Pihaknya menjelaskan bahwa RSHS telah membentuk tim multidisiplin yang terdiri dari sekitar 40 dokter dari berbagai bidang keahlian untuk menangani Yuvita secara komprehensif. “Kami membentuk tim yang terdiri dari dokter bedah plastik, bedah mulut dan rahang, dokter mata, dokter rehabilitasi medik hingga psikiater. Semua bekerja secara terpadu agar pasien mendapatkan penanganan yang maksimal. Harapan kami, Yuvita dapat pulih dan nantinya kembali beraktivitas seperti sediakala,” jelasnya.

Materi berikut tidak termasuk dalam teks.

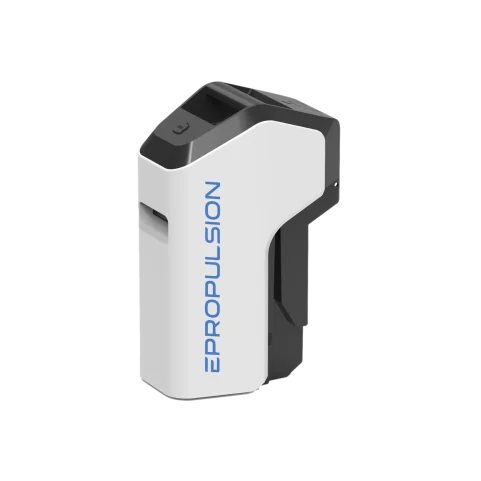 Batterie Ultra für Spirit 2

Ia juga menyampaikan perkembangan kondisi korban yang menunjukkan kemajuan signifikan. “Alhamdulillah kondisi pasien saat ini terus membaik. Korban sudah bisa makan, duduk, dan mengobrol dengan baik. Saat ini kami tinggal mempersiapkan tahapan operasi lanjutan sesuai rencana medis yang telah disusun,” imbuhnya.

Sebagai informasi, kunjungan tersebut menjadi wujud nyata kepedulian DPR terhadap korban tindak kekerasan sekaligus memastikan bahwa proses pemulihan Yuvita mendapat dukungan penuh dari negara, pemerintah daerah, tenaga kesehatan, dan seluruh elemen masyarakat. Sinergi berbagai pihak diharapkan mampu mengembalikan kesehatan fisik maupun mental korban serta menjadi pengingat pentingnya memperkuat perlindungan terhadap perempuan.